The three most destructive words in the English language may be “before I begin.”
Oscar-winning screenwriter Charlie Kaufman: “To begin, to begin. How to start? I’m hungry. I should get coffee. Coffee would help me think. I should write something first, then I’ll reward myself with coffee. Coffee and a muffin. OK, so I need to establish the themes. Maybe banana-nut. That’s a good muffin.”
The only thing we do before we begin is fail to begin. Whatever form our failure takes, be it a banana-nut muffin, a tidier sock drawer, or a bag of new stationery, it is the same thing: a non-beginning, complete with that dead car sound, all click, no ignition. Having resisted the temptation of others, we must also resist the temptation of us.
The best way to begin is the same as the best way to swim in the sea. No tiptoes. No wading. Go under. Get wet and cold from scalp to sole. Splutter up salt, push the hair from your brow, then stroke and stroke again. Feel the chill change. Do not look back or think ahead. Just go.
In the beginning, all that matters is how much clay you throw on the wheel. Go for as many hours as you can. Repeat every day possible until you die.
The first beginning will feel wrong. We are not used to being with ourselves uninterrupted. We do not know the way first things look. We have imagined our creations finished but never begun. A thing begun is less right than wrong, more flaw than finesse, all problem and no solution. Nothing begins good, but everything good begins. Everything can be revised, erased, or rearranged later. The courage of creation is making bad beginnings.
Russian composer Igor Stravinsky, one of the great innovators of twentieth-century music, played a Bach fugue on the piano every morning. He started every day like this for years. Then he worked for ten hours. Before lunch he composed. After lunch he orchestrated and transcribed. He did not wait for inspiration. He said, “Work brings inspiration if inspiration is not discernible in the beginning.”
Ritual is optional, but consistency is not. Creating requires regular hours of solitude. Time is your main ingredient, so use the highest-quality time to create.
At first, creating for an hour is hard. Every five minutes our mind itches for interruption: to stretch, get coffee, check e-mail, pet the dog.

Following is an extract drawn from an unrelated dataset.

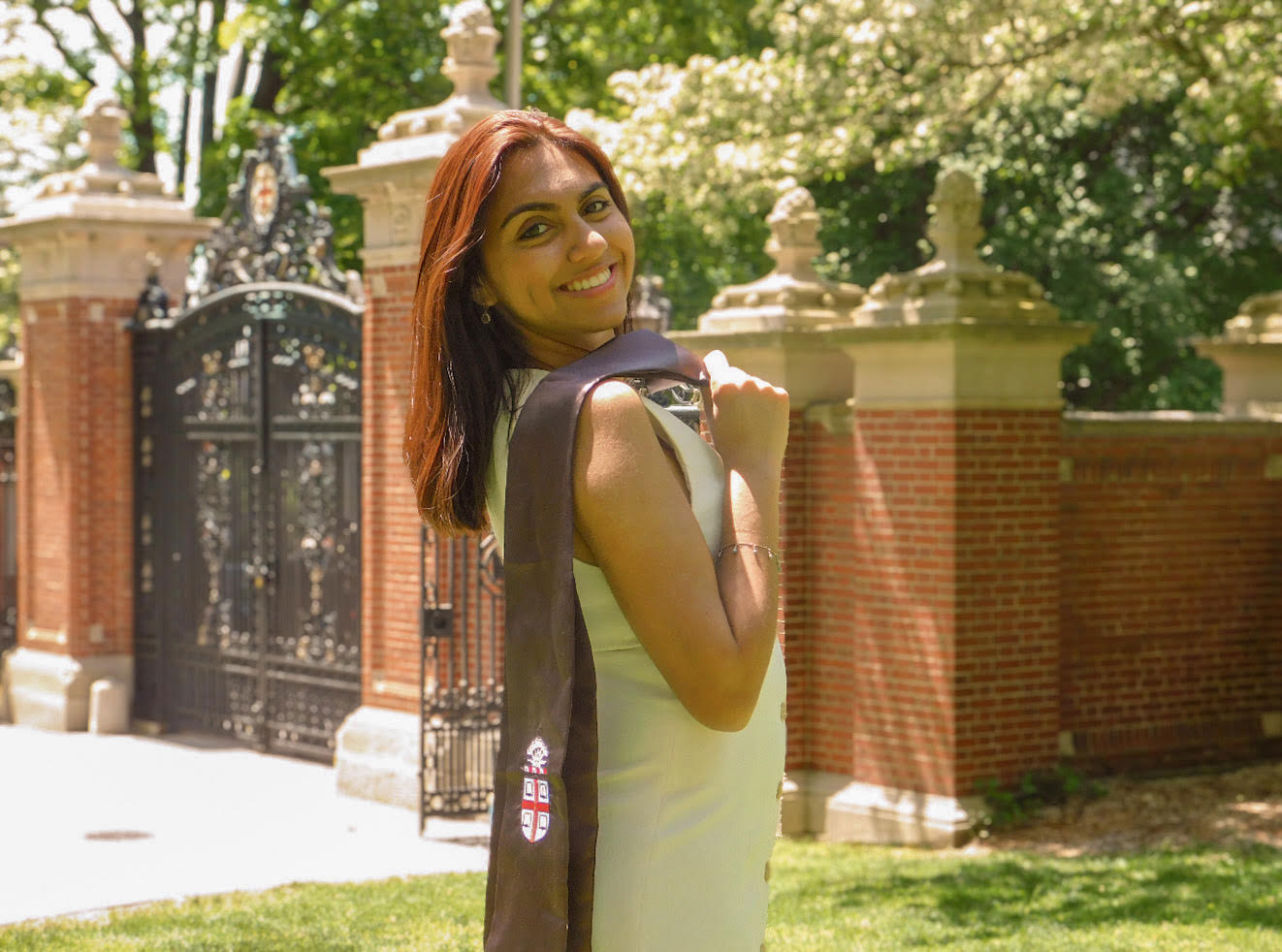 Michelle Alas Molina at graduation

We indulge an urge for research, and before we know it we have Googled three links away from where we started and are reminding ourselves of the name of Bill Cosby’s wife in The Cosby Show (it was Clair) or learning what sound a giraffe makes (giraffes are generally quiet, but they sometimes cough, bellow, snort, bleat, moo, and mew). This is the candy we give ourselves.
What solitude creates interruption destroys. Science describes the destruction unequivocally. Many experiments show the same things: interruption slows us down. No matter how little time is stolen by interruption, we lose even more time reconnecting to our work. Interruption causes twice as many mistakes. Interruption makes us angry. Interruption makes us anxious. These effects are the same among men and women. Creation knows no multitasking.

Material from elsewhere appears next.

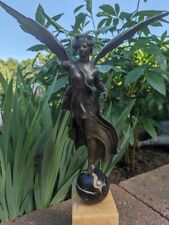 Antique Italian Grand Tour Bronze Figure of Nike or Winged Victory 19th Century picture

Interruption, unfortunately, is also addictive. We live in an interruption culture, and it conditions us to crave interruption. Say no to the itch. More “no’s” equals fewer itches. The mind is a muscle that starts soft but becomes long and lean with use. The more we focus, the stronger it gets. After that first difficult hour, several seem easy. Then we not only work for hours but also feel wrong if we do not. A change comes. The itch is not for interruption but for concentration.
As we sit with our pens poised above the pages we aim to turn into a novel, scientific paper, work of art, patent, poem, or business plan, we can feel paralyzed—and that’s only if we can summon up the courage to sit in the first place.
While knowing that this is a natural and normal part of the creative process may ease our minds a little, it may not make us more productive. We look around for inspiration. This is the right thing to do, only much of art lies not in what we see but in what we don’t. When we envy the perfect creations of others, what we do not see, what we by definition cannot see, and what we may also forget when we look back at successful creations of our own, is everything that got thrown away, that failed, that didn’t make the cut. When we look at a perfect page, we should put it not on a pedestal but on a pile of imperfect pages, all balled or torn, some of them truly awful, created only to be thrown away. This trash is not failure but foundation, and the perfect page is its progeny.
Good writing is bad writing well edited; a good hypothesis is whatever is left after many experiments fail; good cooking is the result of choosing, chopping, skinning, shelling, and reducing; a great movie has as much to do with what ends up on the cutting room floor as what does not.
To succeed in the art of new, we must fail freely and frequently.
The empty canvas must not stay empty. We have to plunge into it.